The data may be so big that we could easily ask ourselves - did we really help our cause by using NoTracking
option, even if we made the query faster (and maybe only the first one, depending on the number of .Include()
statements, because subsequent queries without NoTracking
option with multiple .Include()
statements run faster simply because NoTracking
option causes a lot more objects to be created when data returns from the server)?
The biggest problem is how to efficiently serialize this amount of data - and deserialize it on the client. With serialization already as slow as it is (I am using DataContractSerializer
with PreserveObjectReferences
set to true
because I am sending EF 4.x generated POCOs to my client and vice versa), do we want to generate even more data (thanks to NoTracking
)?
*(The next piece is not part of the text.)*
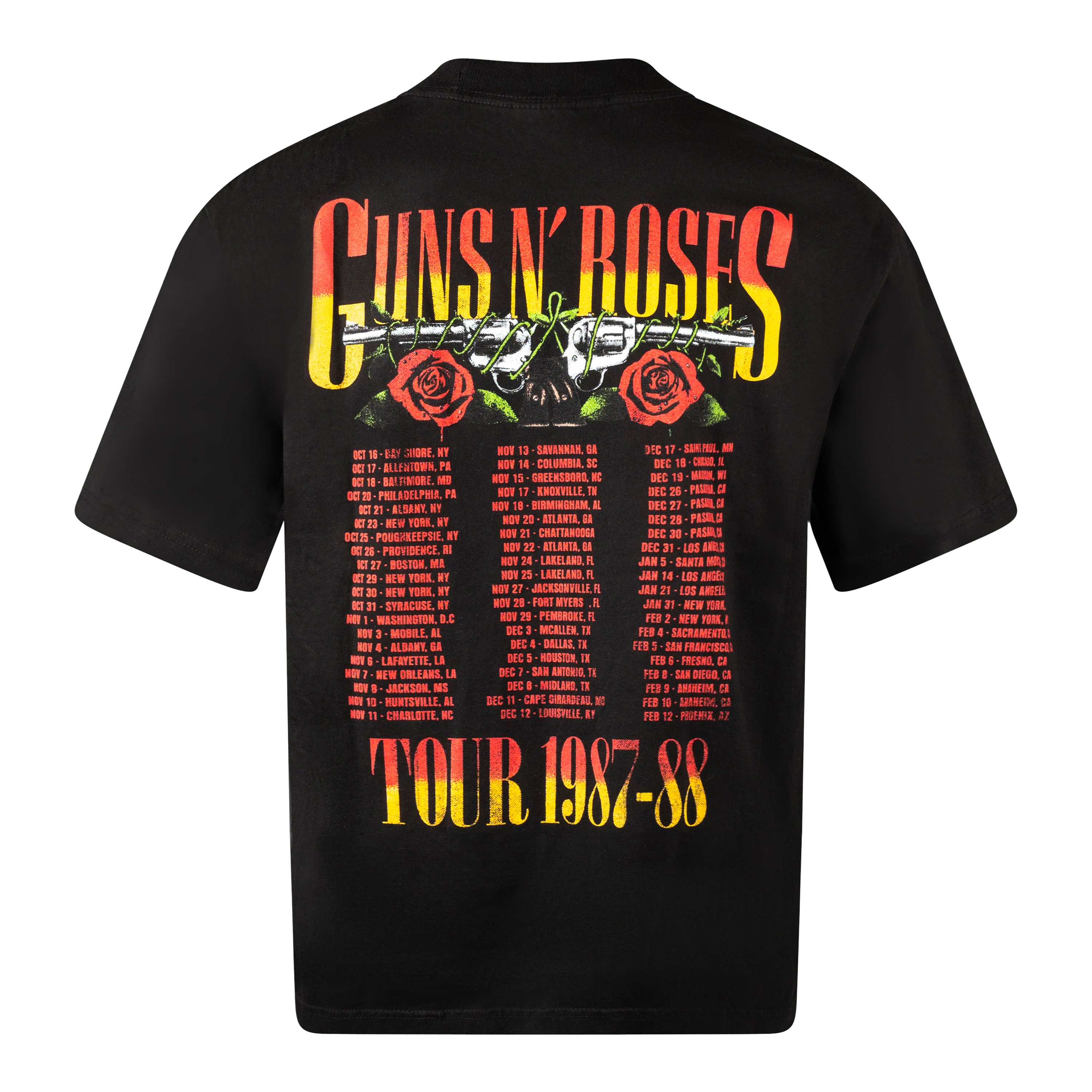 GUNS N’ ROSES 1987-88 TOUR VINTAGE STYLE T-SHIRT - BLACK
To be honest, I haven't seen the data originated from the query with NoTracking
option on ~11.000 objects not including navigation properties obtained via .Include()
, arriving at the client side yet. Last time I tried to pull this off, the timeout of 00:10:00 was triggered (!)
So if you are still reading this wall of text, you tell me how to solve this situation. Which serializer to use in order to achieve acceptable results? Currently, if I don't use the NoTracking
option, the serialization, transport and deserialization of ~11.000, via wsHttpBinding
-like custom binding on the local machine take ~5 seconds. What's scary to me is that this large table is most likely going to contain ~500.000 records eventually.